Jenar mengabaikan. Masuk ke dalam lift yang kebetulan langsung terbuka saat mereka datang.
"Kamu sudah sembuh?" tanyanya. Ternyata dia mengikuti Jenar untuk pergi ke lantai dua. Tempat ruang kerja Jenar berada.
Jenar berdeham dan mengangguk. Menatap pantulan bayangan wajahnya. Dia akan tertangkap basah kalau berbohong dengan wajah yang tidak pucat sama sekali.
"Setidaknya bicaralah satu atau dua patah kata. Jangan diam saja." Wulan menyenggol bahunya. "Kalau kamu diam saja aku jadi takut."
Jenar berbohong dan Julian membantunya. Kesalahan mereka saat berada di Los Angeles tentu saja belum selesai. Masih ada embel-embel 'kemungkinan hamil' sebab Jenar tidak ingat 'bermalam' seperti apa yang sudah terjadi. Cutinya adalah 'kompensasi' dari kesalahan Julian satu minggu yang lalu.
"Ada pekerjaan yang terbengkalai?" tanya Jenar. "Kalau ada masukan dalam daftar, aku akan mencoba untuk menyelesaikannya satu persatu."
"Cih!" Wulan memandang tak suka. "Kamu itu datang dari cuti karena sakit, bukannya bertanya kabar atau apa ... malah langsung membahas tentang pekerjaan." Dia manyun. "Kamu itu benar-benar perempuan yang ambisius!"
"Aku dapat pesan dari mentor katanya ada anak magang baru yang bergabung tiga hari lalu. Katanya kamu nggak mau mengurusnya, jadi dia memintaku untuk bertemu dengan anak barunya."
Wulan kembali menatap ke arah Jenar. "Kita sendiri saja sibuk dengan urusan kita. Banyak inovasi produk yang harus kita buat sebelum akhir tahun. Lalu sekarang kamu mau mengambil job itu?"
Dia melipat tangannya. Mulai menggurui Jenar. "Kita bahkan nggak dapat gaji tambahan meskipun membantu dia. Jadi serahkan saja dia pada senior yang lain."
Jenar diam menunggu pintu lift yang akhirnya terbuka. Jenar melangkah keluar lebih dulu. "Aku akan tetap mengambilnya," ucap Jenar tak acuh. "Larangan darimu adalah perintah untuk aku lakukan."
Dia pergi meninggalkan Wulan.
"Jenar!" Wulan mendekatinya lagi. Menatap sepasang mata teduh Jenar. "Kamu masih menyimpan rasa sama Pak Julian?"
Tiba-tiba saja pertanyaan itu dilontarkan padanya. Membuat Jenar benar-benar diam membisu karena terkejut.
"Kamu tuh dari tadi diem aja.
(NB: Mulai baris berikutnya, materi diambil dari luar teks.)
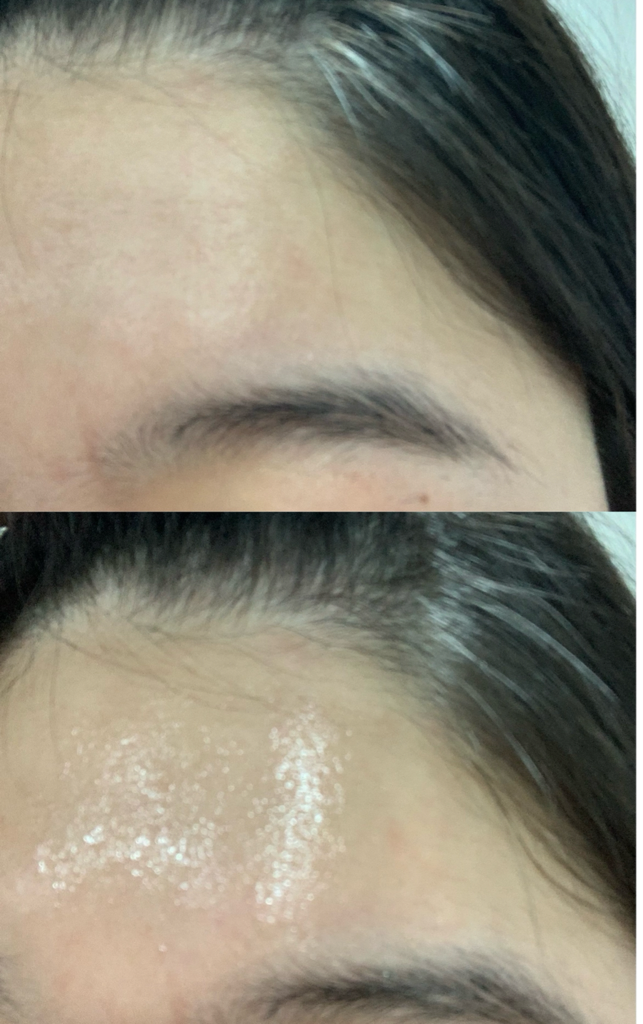 100% 天然有机玫瑰果油的真实用户使用照片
Jawab!" Wulan mendesak.
"Sejak kapan aku menyukai Pak Julian?" Dia mengelak. "Aku bahkan tidak pernah mengatakan itu padamu atau menyinggungnya, jadi kenapa kamu tiba-tiba bertanya itu padaku?"
Wulan mengangguk. Menghela nafas. "Aku membaca catatan yang kamu tinggalkan di laci meja, sepertinya kamu tidak sengaja meninggalkannya."
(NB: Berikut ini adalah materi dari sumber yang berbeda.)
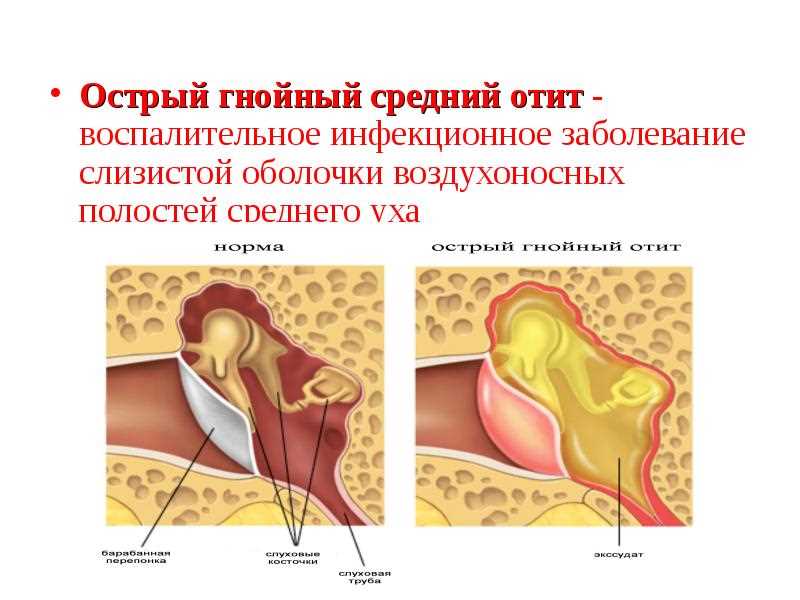 Снижение давления в ушах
Jenar mengerutkan keningnya.
"Kamu menulis daftar pria yang ingin kamu nikahi." Wulan berjalan di sisi Jenar.
"Aku membaca semua itu dari atas sampai bawah. Ternyata seorang Jenar punya kriteria yang begitu panjang," tutur Wulan. Terkekeh-kekeh ringan kemudian.
"Setelah membaca semuanya dan mencoba untuk mencocokkannya dengan visual dunia nyata ... aku terkejut!"
"Memangnya aku menuliskan nama Pak Julian di sana?" Jenar menyahut. Cukup kesal sekarang.
"Tunjukkan padaku jika aku menuliskan nama Pak Julian di sana." Jenar menodonkan telapak tangannya.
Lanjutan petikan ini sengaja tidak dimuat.